[Working data]
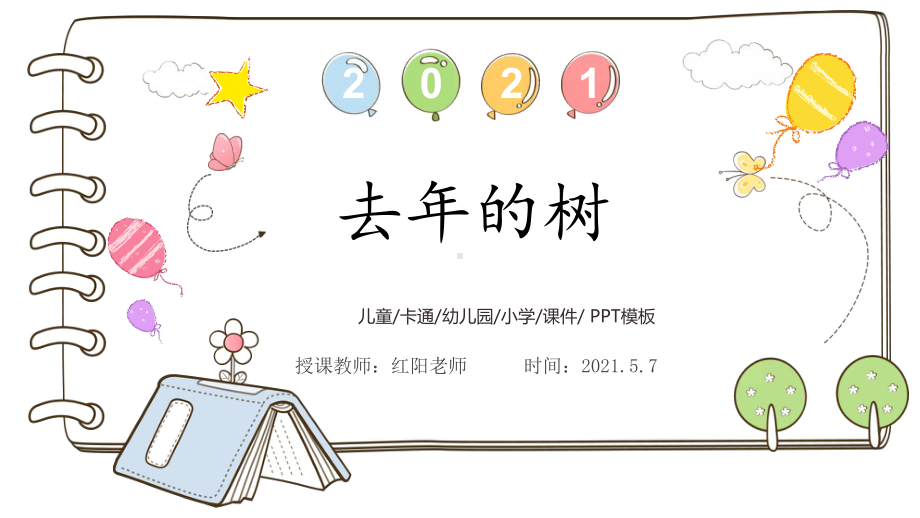 小学语文三年级上册《去年的树》教学课件部编版.pptx_第1页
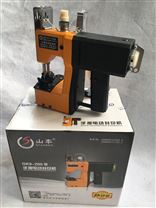 山本GK9-200缝包机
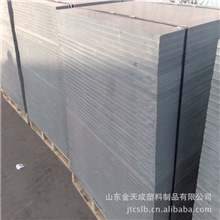 【厂家直销】优质pvc免烧砖托板pvc板材pvc板出口级别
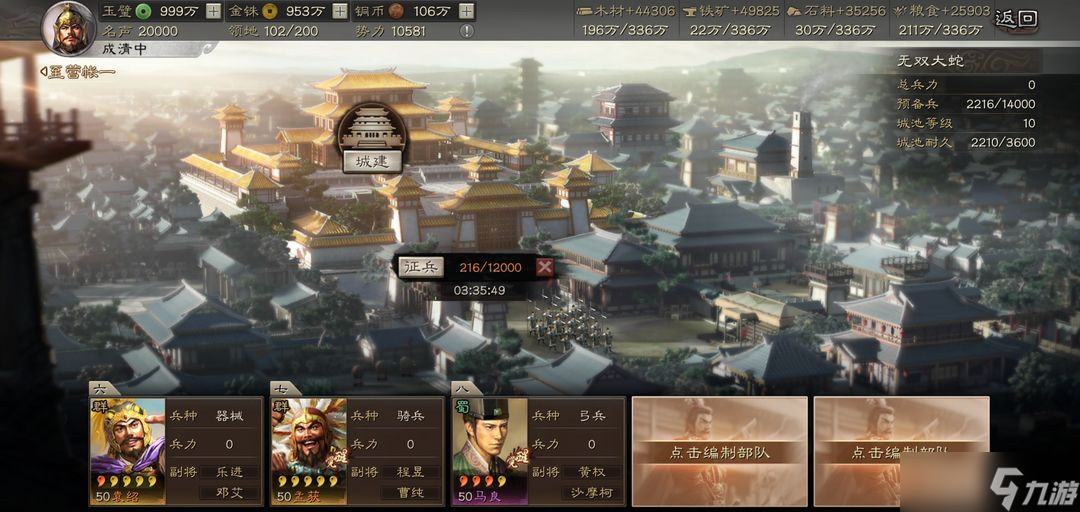 三国志战略版分城如何选择位置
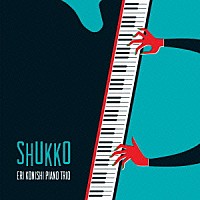 小西英理ピアノトリオ「 ＳＨＵＫＫＯ」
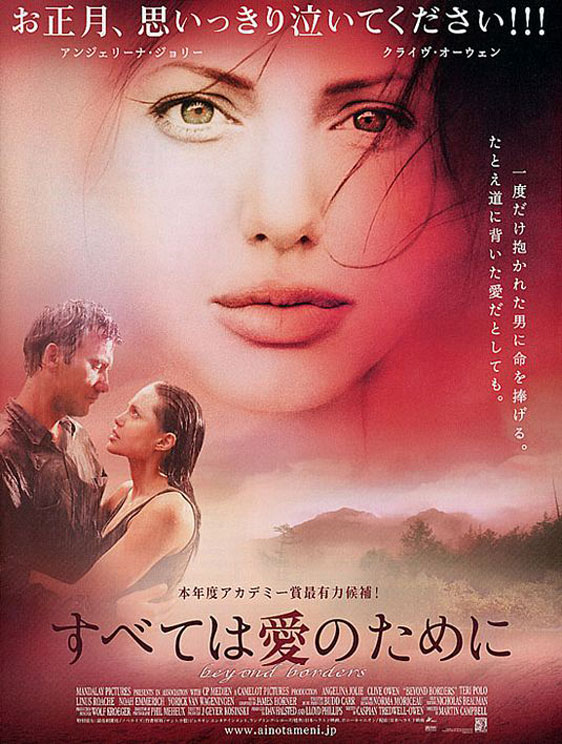 Beyond Borders Poster #3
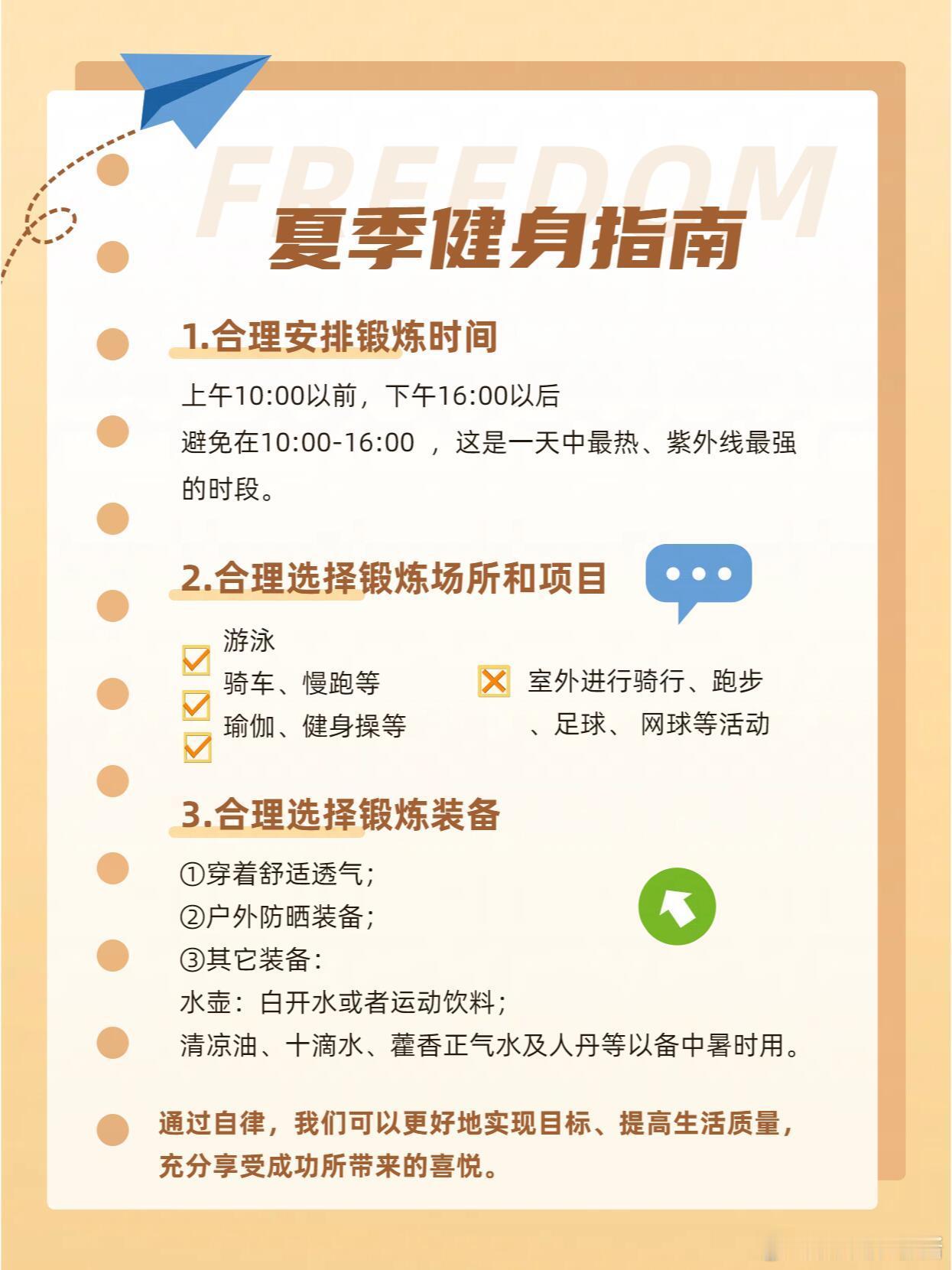 运动科普运动康复💪高温来袭，这份夏季健身指南请收好!🕙合理安排锻炼时间上午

[Requirement] Since the pictures are not wanted, set down only the rest of each record, exactly as above.

[Response to this exercise]
 小学语文三年级上册《去年的树》教学课件部编版.pptx_第1页
 山本GK9-200缝包机
 【厂家直销】优质pvc免烧砖托板pvc板材pvc板出口级别
 三国志战略版分城如何选择位置
 小西英理ピアノトリオ「 ＳＨＵＫＫＯ」
 Beyond Borders Poster #3
 运动科普运动康复💪高温来袭，这份夏季健身指南请收好!🕙合理安排锻炼时间上午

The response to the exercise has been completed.